Current external debt is recorded at Nu 156 billion corresponding to an alarming 110% of GDP. With this situation, is it a rational economic decision to lock in funds borrowed at a higher cost than the interest it generates? Do we as a budget deficit economy possess the luxury to set aside funds bearing low interest earnings versus a higher cost of borrowings? One must underline postponing basic needed-expenditure at the present not only deprives public welfare and economic growth but allows purchasing value of money to depreciate both with increasing price of goods and services resultant to a net economic and financial loss.

Setting aside money as part of the stabilization fund might also send wrong signals to our bilateral and multilateral developmental partners. They might think Bhutan now has enough funds and no longer needs concessional loans.

The Reserve Bank of India has created the SAARC SWAP fund out of its surplus convertible currency reserve to the tune of US$ 2 billion to benefit SAARC member countries. Member SAARC countries, including Bhutan can avail of SWAP facility in case encountered by a macroeconomic situation. Therefore, the SAARC SWAP can serve as a regional stabilization fund.

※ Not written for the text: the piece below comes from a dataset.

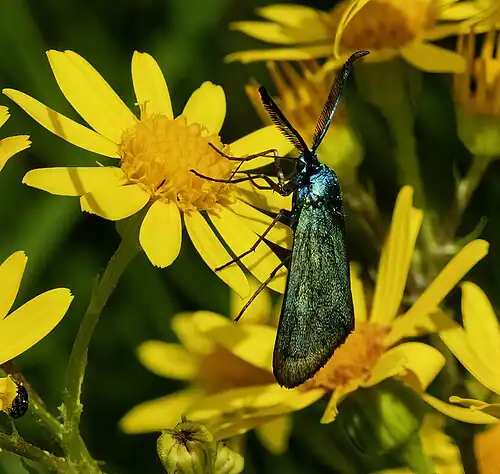 Adscita statices male - Villeneuve-lès-Bouloc France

Therefore, a stabilization fund of Nu 100 million is an insignificant amount for its intended purpose and may provide little safeguard to the Bhutanese economy for any rainy day as envisaged. Unless, the economy is in surplus both in the external sector and domestically in terms of fiscal surpluses, it would not be a wise economic decision to create such fund through budgetary provisions. Thus, one can conclude that even though debates have not achieved consensus on the efficacy or ultimate utility of a macroeconomic stabilization fund, the government does need to make strong and committed efforts in order to stabilize government budget, that is to smooth public service provision across the economic cycles, because this is the demand from the society, individuals, households as well as the private sector.

However, a rational policy and proper policy tools are not a panacea to cure all ills from governmental revenue shortfalls. The stabilization fund policy and relevant tools are perhaps the means, which must go through the human hands of implementation to be effective, that in turn lies ultimately in the domain of politics and politicians.

Therefore, the solution returns to the very basics of adopting fiscal discipline within the government and managing the private sector through well designed and administered private sector development policy. The efforts of the government under current situation should be fully geared to well manage the economy in consultation with the monetary authority and avoid macroeconomic imbalances.

As to the future, when the Government runs fiscal surplus, it could then establish a Stabilization Fund with reasonably endowed corpus fund to address any macroeconomic imbalances.  Until such a time, the solution is to work towards achieving both the internal balance and external balance even if it means lower growth for ensuring the economic sustainability in the long run.